The Federal Housing Finance Agency (FHFA) has published a final rule requiring Fannie Mae and Freddie Mac to develop and release their “living wills”: detailed, actionable plans that would ensure a “rapid and orderly resolution of the enterprises should FHFA be appointed their receiver.”
“After the capital rule, the finalization of the living will rule is one of the last major regulatory pieces needed to give effect to Congress’ intent in the Housing and Economic Recovery Act of 2008,” says FHFA Director Mark Calabria. “Just like other large financial institutions, these plans will provide Fannie Mae, Freddie Mac and FHFA with a roadmap for preserving business continuity should they fail again.”
The final rule is similar to a rule issued by both the Fed and FDIC under the Dodd–Frank Act, which requires many large financial institutions to submit living wills. The U.S. Department of Treasury’s 2019 Housing Reform Plan highlighted the need for a credible resolution framework for the GSEs, and the Financial Stability Oversight Council endorsed GSE living wills in early fall 2020.
Under the final rule, Fannie and Freddie must demonstrate how business would be maintained to ensure continued support for mortgage finance and stabilize the housing finance system – without extraordinary government support – to prevent them from being placed in receivership, indemnify investors against losses, or fund their resolution.
Among the final rule’s key requirements:
Identification of core business lines – The GSEs must identify “core business lines” (CBL): those business lines that plausibly would continue to operate in a limited-life regulated entity (LLRE). Identification of CBLs would include identification of associated operations, services, functions and supports necessary for the CBL to be continued.
Understanding CBLs will enable FHFA and the GSEs to determine the operations of the LLRE, and what assets and liabilities must be transferred from the GSEs to the LLRE in order to carry out those operations.
Timing of resolution plan and interim update submissions – The rule requires the GSEs to submit their initial resolution plans two years after the effective date of the final rule, and subsequent resolution plans to be submitted every two years thereafter.
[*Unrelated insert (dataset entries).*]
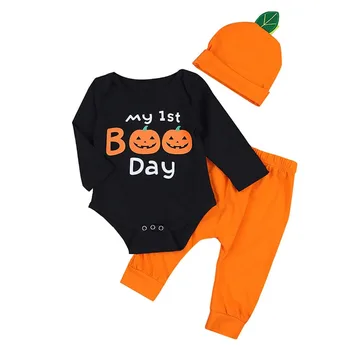 

Oklady 3Pcs My First Halloween Pumpkin Outfit Set Newborn Baby Boys Girls Romper Pant with Hat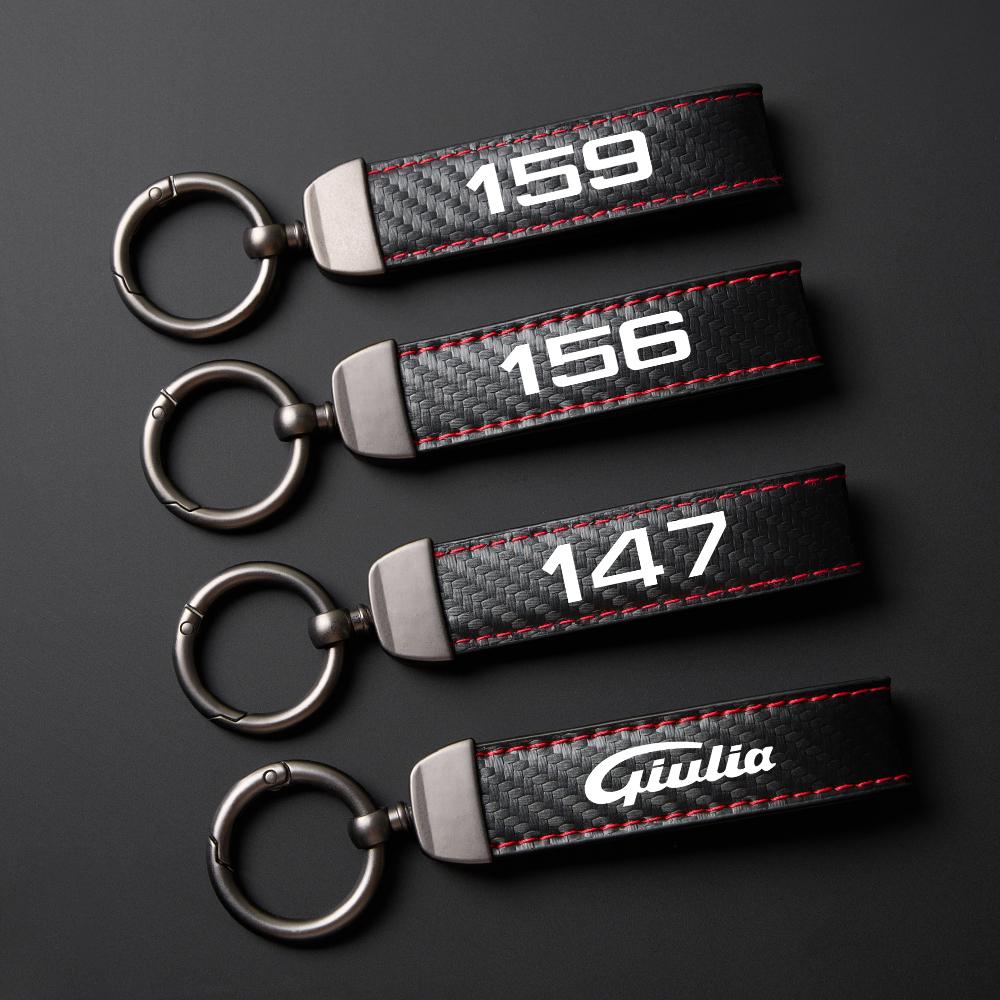 CQSUV1 Exquisite Carbon fiber Keychain Auto custom Key Ring For Alfa Romeo 147 156 159 MITO Giulietta Giulia Stelvio Accessories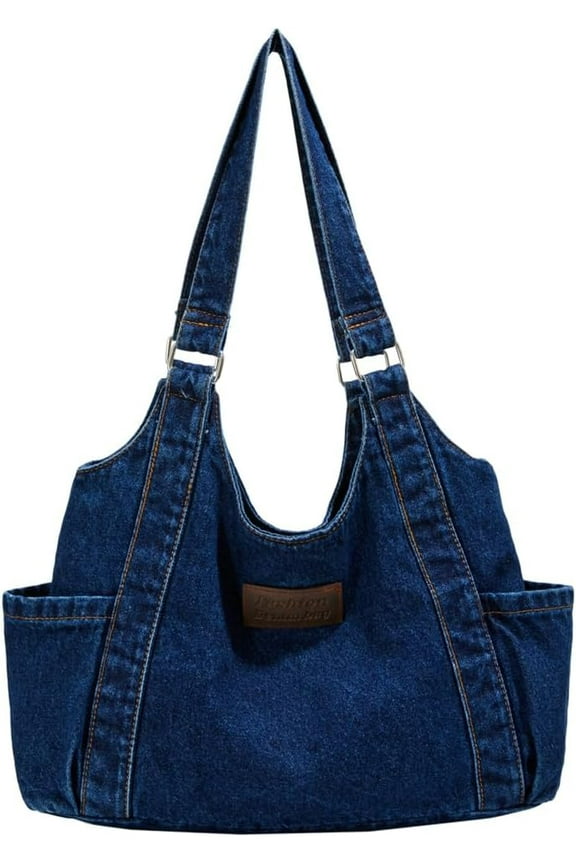 Denim Tote Bag Large Capacity Jean Purses for Women Handbags Soft Shoulder Ladies Purses 2025
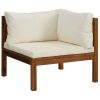 8 Piece Patio Lounge Set with Cream Cushion Solid Acacia Wood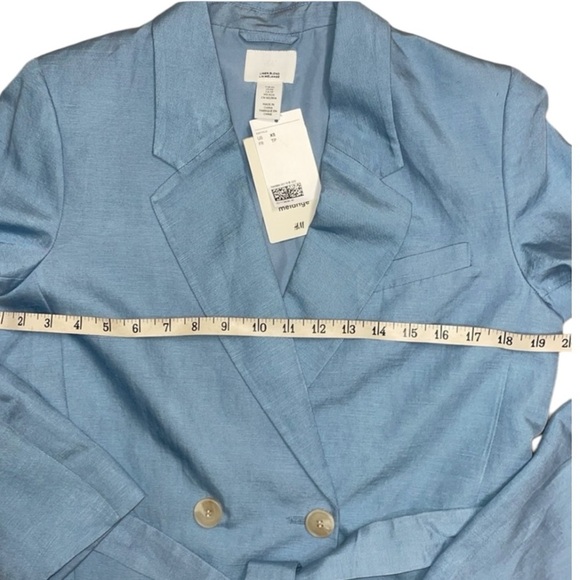 NWT H&M Light Blue Linen Belted Blazer Jacket Oversized Lined Size XSmall - Picture 10 of 16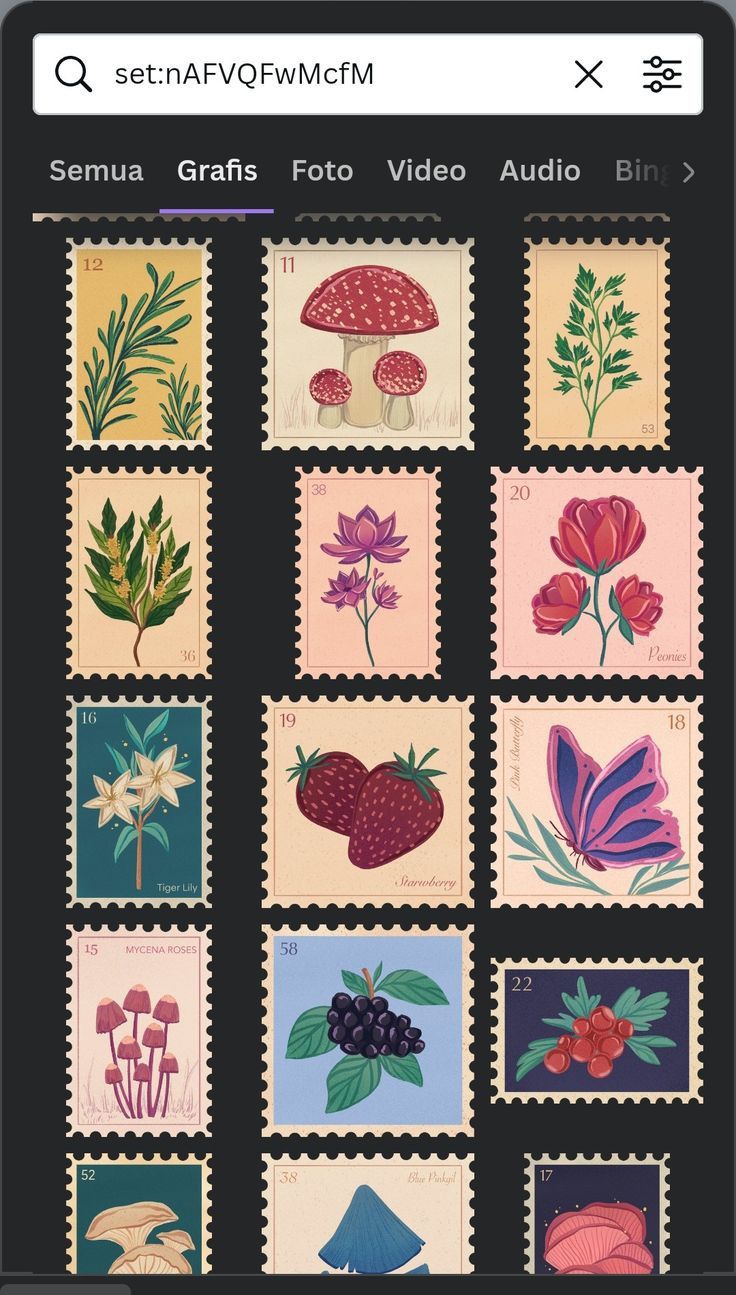 stamps with flowers and plants on them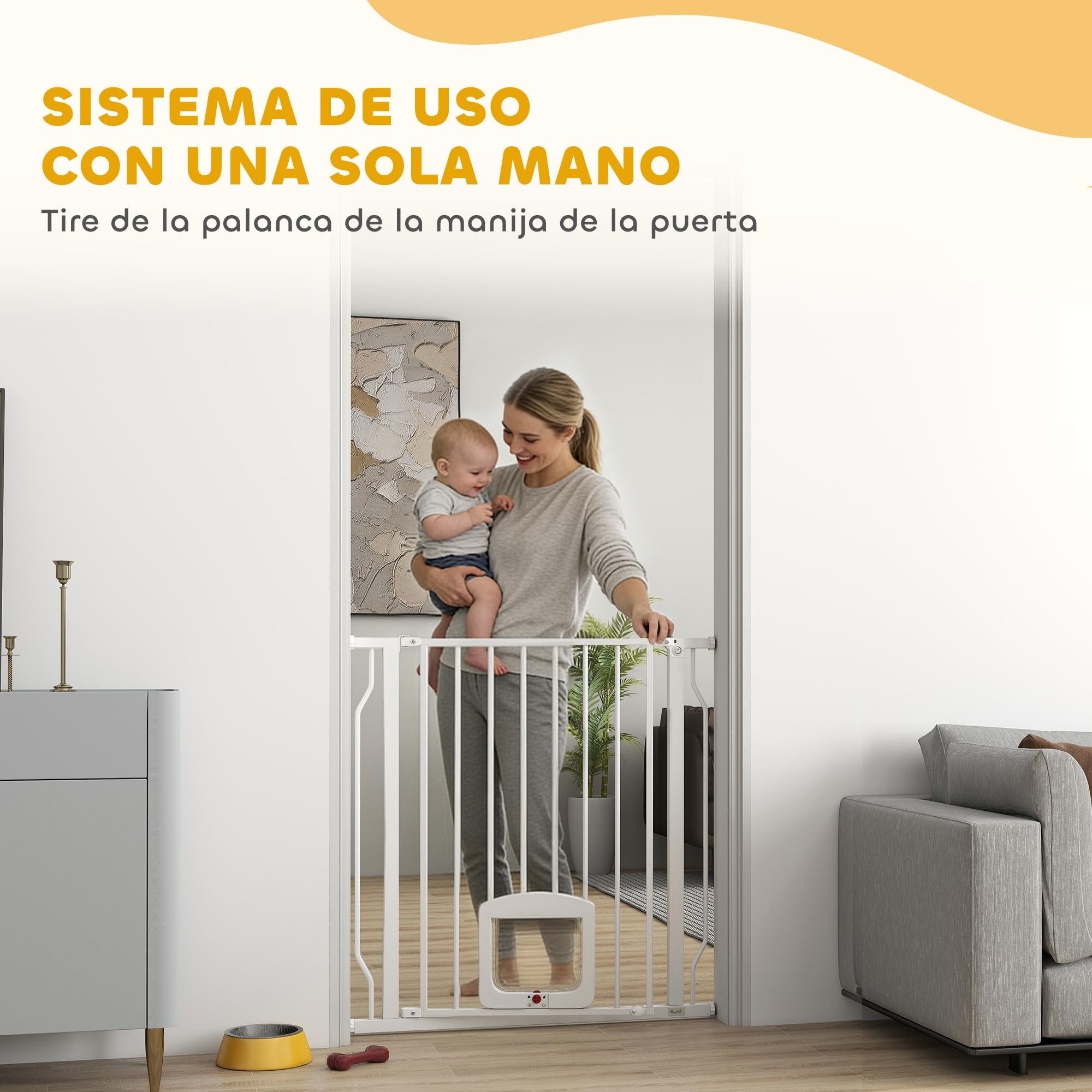 PawHut Barrera de Seguridad para Perros Extensible Puertas 75-85 cm Blanco | Para Escaleras, Barrera para Perros con Puerta Pequeña, Montaje a Presión, Doble Bloqueo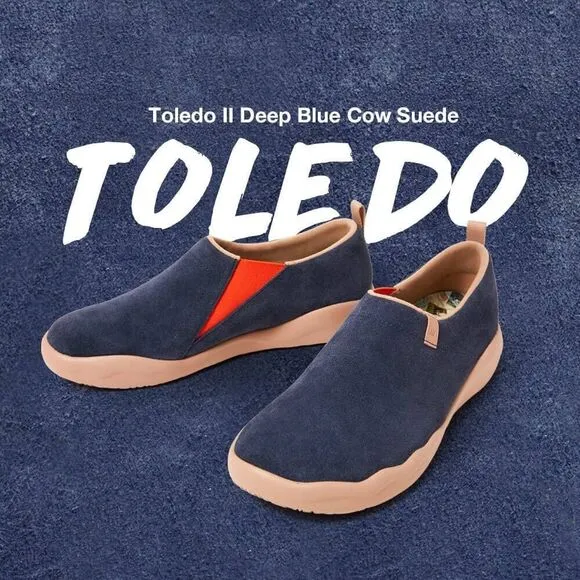 UIN Men's Travel Walking Shoes Casual Sneaker Toledo Ⅱ (Deep Blue)New No Box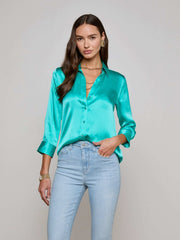 Dani Silk Blouse in Pool Blue | L'AGENCE for sale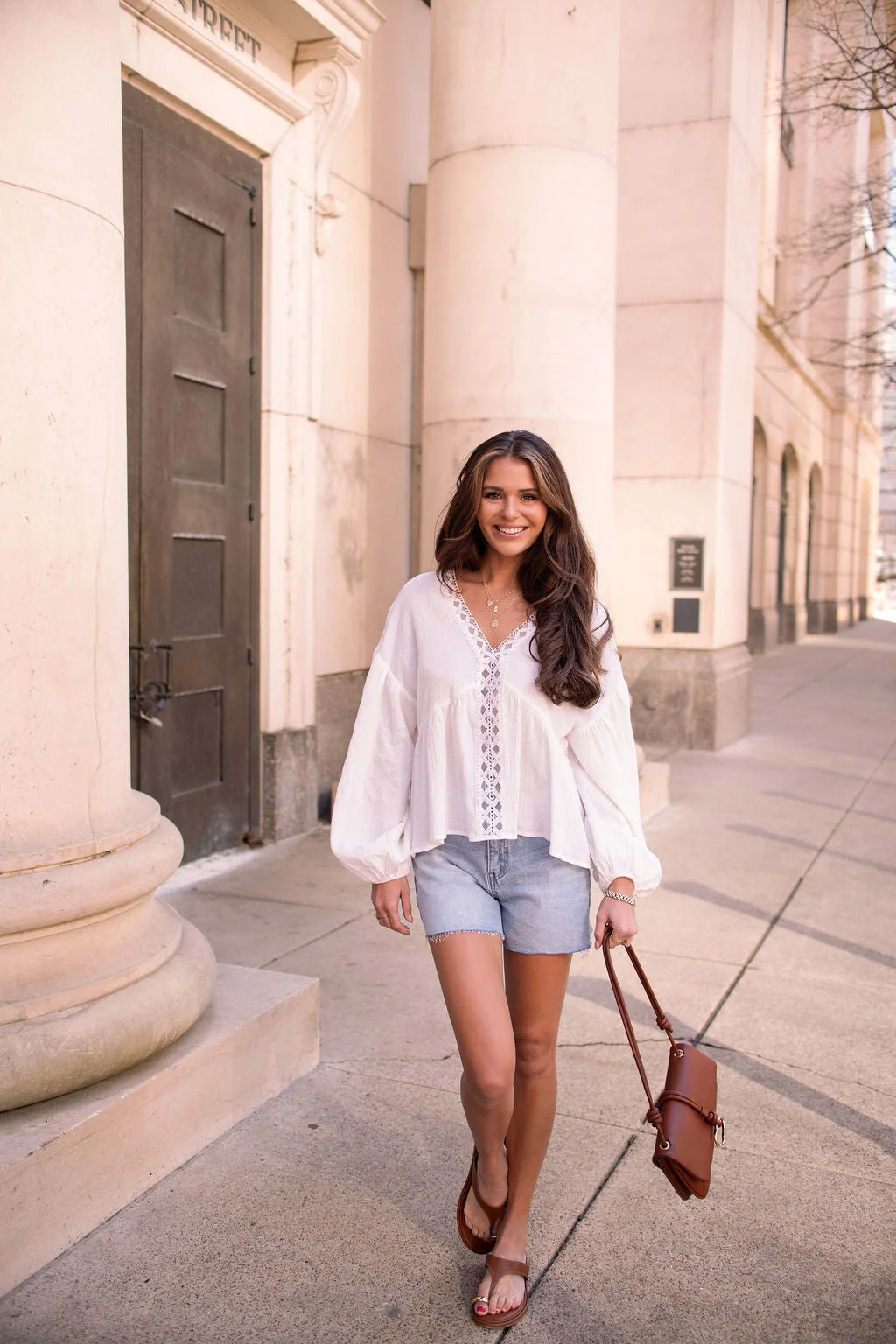White Flowy Lace Trim Top - Image 2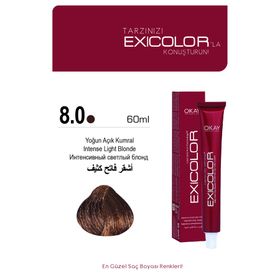 Exicolor 8.0 Yoğun Açık Kumral 60 ml Saç Boyası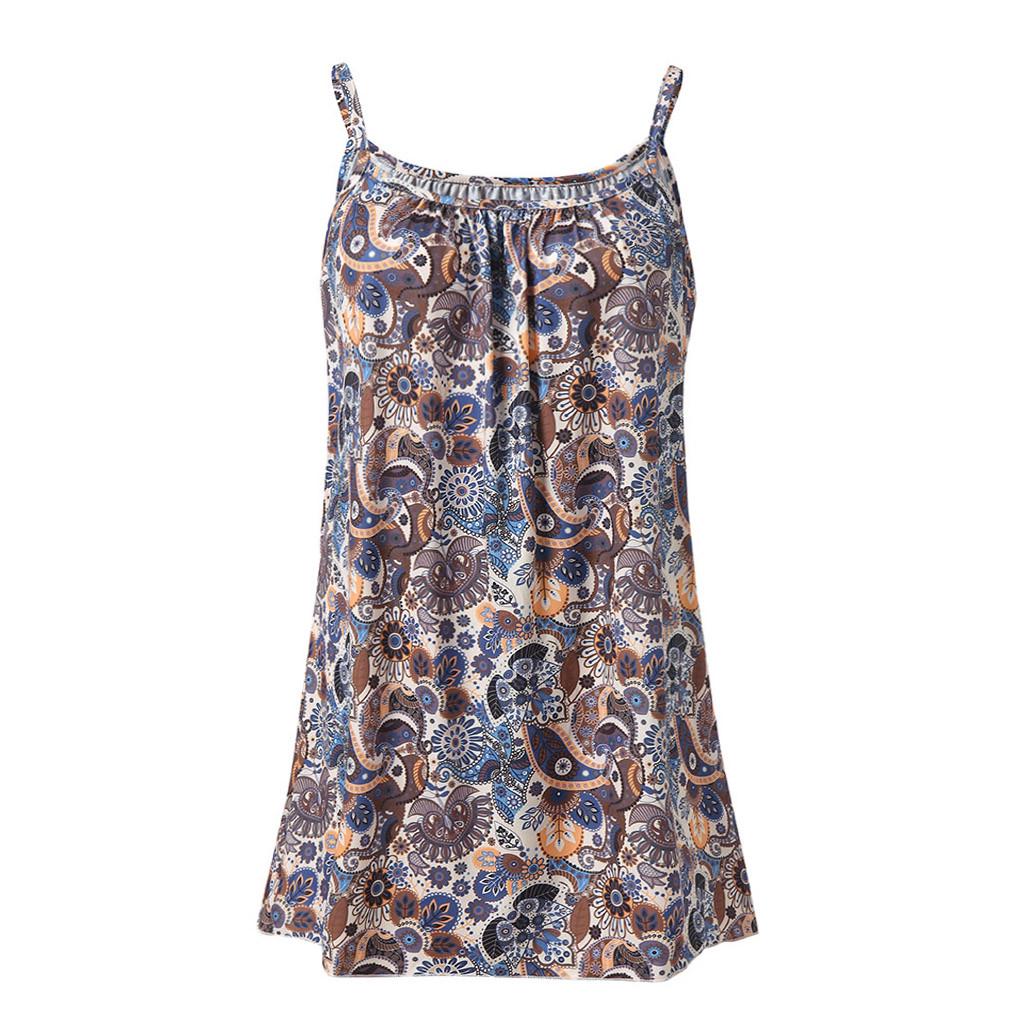 Women Summer Printed Sleeveless Vest Blouse Tank Tops Camis Clothes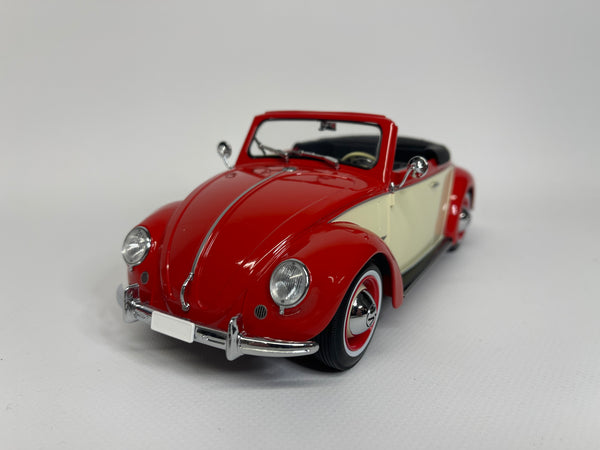Volkswagen Beetle 1200 Hebmüller Cabriolet 1949 . Red & Cream . By KK Scale . 1/18 Scale . New & Boxed.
Required and prohibited assumptions – The rule provides a set of required and prohibited assumptions the resolution plans should reflect, which include the assumption of severely adverse economic conditions; the prohibition of assuming the provision or continuation of extraordinary support by the U.S. government; and the reflection of statutory provisions that obligations and securities of the GSEs issued pursuant to its charter are not guaranteed by the U.S. and do not constitute a debt or obligation of the U.S.
Content of resolution plans – The rule requires that resolution plans contain a strategic analysis and information sufficient to provide an understanding of a GSE’s CBLs and facilitating their continuation in a LLRE established by FHFA as receiver.
Each GSE’s strategic plan would also be required to identify and describe potential material weaknesses or impediments to rapid and orderly resolution as conceived in its plan, and any actions or steps taken or proposes to take to address the identified weaknesses or impediments.
Confidentiality – The rule sets out the requirement that the resolution plans include a public section and a confidential section. FHFA expects to work with Fannie and Freddie when developing their initial public sections to ensure that portions of resolution plans are made available to the public while balancing the need for candor and to preserve confidentiality of some information.
FHFA review – The rule explains the process for FHFA’s review of the resolution plan, including the determination that a plan is incomplete or substantial additional information is necessary, the identification of deficiencies or shortcomings, the provision of feedback, and resubmission to FHFA.